Despite the high evolutionary divergence of these homologous proteins, we compared the protein structures obtained for BW-1 to those obtained from the analysis of two Alphaproteobacteria species to determine their conservation degree. The structural and functional characterization of MamBQH-2 and MamMMSR-1 metal-binding sites in previous studies showed that both proteins share a central-binding site (C.B) located at the center of the dimer cavity [14,21,28] C.B within MamBQH-2, composed of His245, Asp247, and His283, and at the same positions within the homolog MamMMSR-1 located at Trp247, Asp249 and His285 respectively (Trp247 may be involved due to pi interactions [37]). Besides, MamMMSR-1 also has a peripheral metal-binding-site (P.B), composed of Glu289 and His264 from each monomer, and was suggested to be more significant for protein regulation than the C.B [28]. Although the protein sequences show a certain variance, the putative MamBBW-1 and MamMBW-1 C.B and MamMBW-1 P.B are located at the same physical location as described for Alphaproteobacteria, yet minor changes in the amino acid composition can be found. Putative BW-1 C.B is composed of Glu271 (MamMBW-1) or Glu224 (MamBBW-1) from each monomer. These locations are equivalent to Asp 249 (MamMMSR-1) and Asp247 (MamBQH-2) (Fig 2B) [14,28]. Trp269, Val307 (MamMBW-1) and Glu222, Lys260 (MamBBW-1) are also located at the hypothetical metal-binding site but are not predicted to be involved with metal chelation. In MamMBW-1 the putative P.B is composed of Glu311 and Glu286 from each monomer (to MamMMSR-1 Glu289 and His264 respectively) [28] (Fig 2C). Moreover, these putative metal-binding sites are supported by the electrostatic potential map that showed negative-charge patches within MamMBW-1 center of the V-shaped dimer cavity and in the periphery above the V-bottom (Fig 4C). Such electrostatic-potential distribution can fit the metal-binding site as shown for MamMMSR-1 and MamBQH-2 (Fig 4A and 4B). Overall, based on our analysis, it can be assumed that the composition of amino acids within MamBBW-1 and MamMBW-1 putative metal-binding sites are suitable to coordinate and bind metal ions.

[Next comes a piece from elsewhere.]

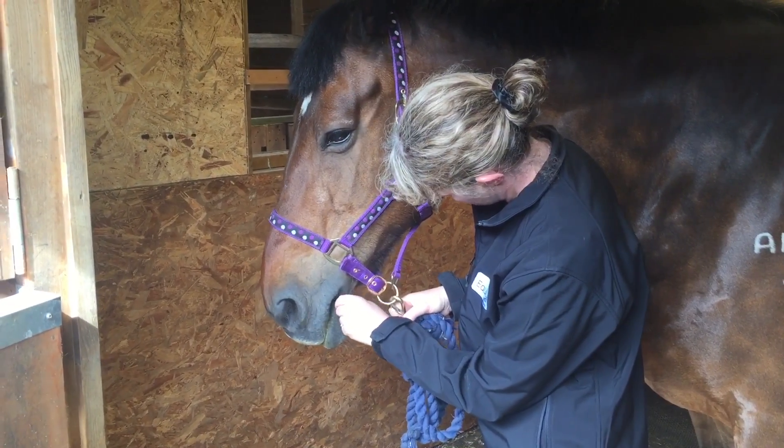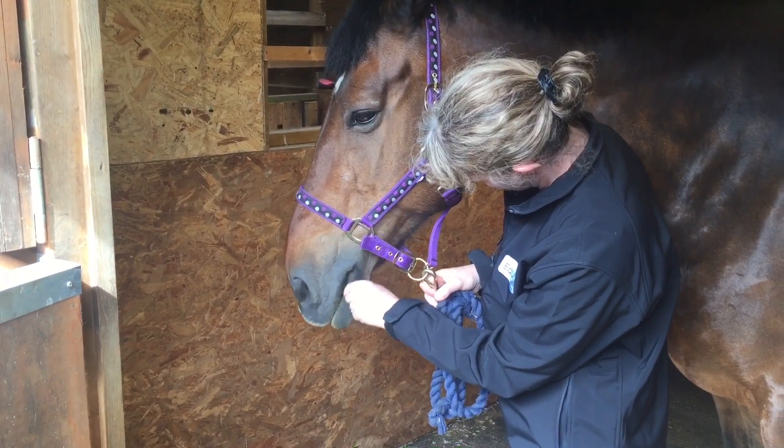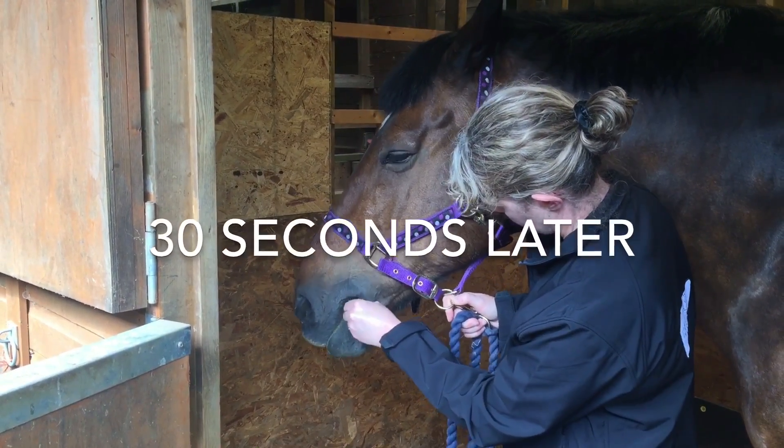Some horses will not move their tongue much, as Amma is doing here. It can be helpful to move the swab gently back and forwards to encourage the horse to move the tongue. Most horses try to push the swab out with their tongue, so all you need to do is hold the swab in place.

To summarize our results, we characterized and determined the crystal structures of MamB and MamM proteins from a Deltaproteobacteria species ancestral to the Alphaproteobacteria species from which homologous proteins were originally characterized. Overall, all the different analyses indicate that MamBBW-1 and MamMBW-1 share high structural conservation with the well-characterized Alphaproteobacteria proteins. Therefore, it is reasonable to hypothesize that these proteins will have a similar function within the Deltaproteobacteria species. Although unlike previous studies, different protein oligomerization states were observed, and we assume that within the bacteria the high protein concentration, ion presence and other membrane-protein and protein-protein interactions will stabilize MamB and MamM as dimers. Further to this work, it is still unknown whether BW-1 MamB and MamM from the greigite cluster will also show structural and functional conservation, and how they relate evolutionarily to their homologs. Such future work will help to understand how a complex organelle like the magnetosome evolved and synthesized.
Experimental procedures
Bacterial strains and plasmids for in vitro characterization
Bacterial strains and plasmids used in this study are listed in S4 Table. All strains were cultivated in Luria broth (LB, E. coli), as described previously [14].
Phylogenetic analyses
The genome of 47 complete genomes representing magnetotactic and non-magnetotactic Deltaproteobacteria and Proteobacteria were selected and downloaded from the public database NCBI (https://www.ncbi.nlm.nih.gov). This database was completed with the genome of BW-1 strain and that of 7 species representing the Epsilonbacteraeota [38], a novel phylum proposed as ancestral to Proteobacteria [38,39] composed of the Epsilonproteobacteria and the Desulfurellales. The sequences of 53 bacterial riboproteins [40] (RP) were retrieved from all genomes using the HMMER 3.2.1 software [41,42] and the hidden Markov model (HMM) profiles available in PFAM database [43] (http://pfam.sanger.ac.uk/) to reconstruct the species phylogeny. Paralogous sequences were excluded. RPs were individually aligned with the MAFFT software [44] and trimmed using Gblocks software [45] before their concatenation into a single alignment of 6 442 positions among which 5 771 were polymorphic. All RPs were present in at least 90% of the genomes. A Maximum-Likelihood tree was built with the IQ-TREE software [46] and the model LG+R7 for describing amino-acids evolution that was selected using ModelfFinder [47] and the BIC criterion. 500 replicates of a non-parametric bootstrap approach were conducted to test the robustness of the tree topology.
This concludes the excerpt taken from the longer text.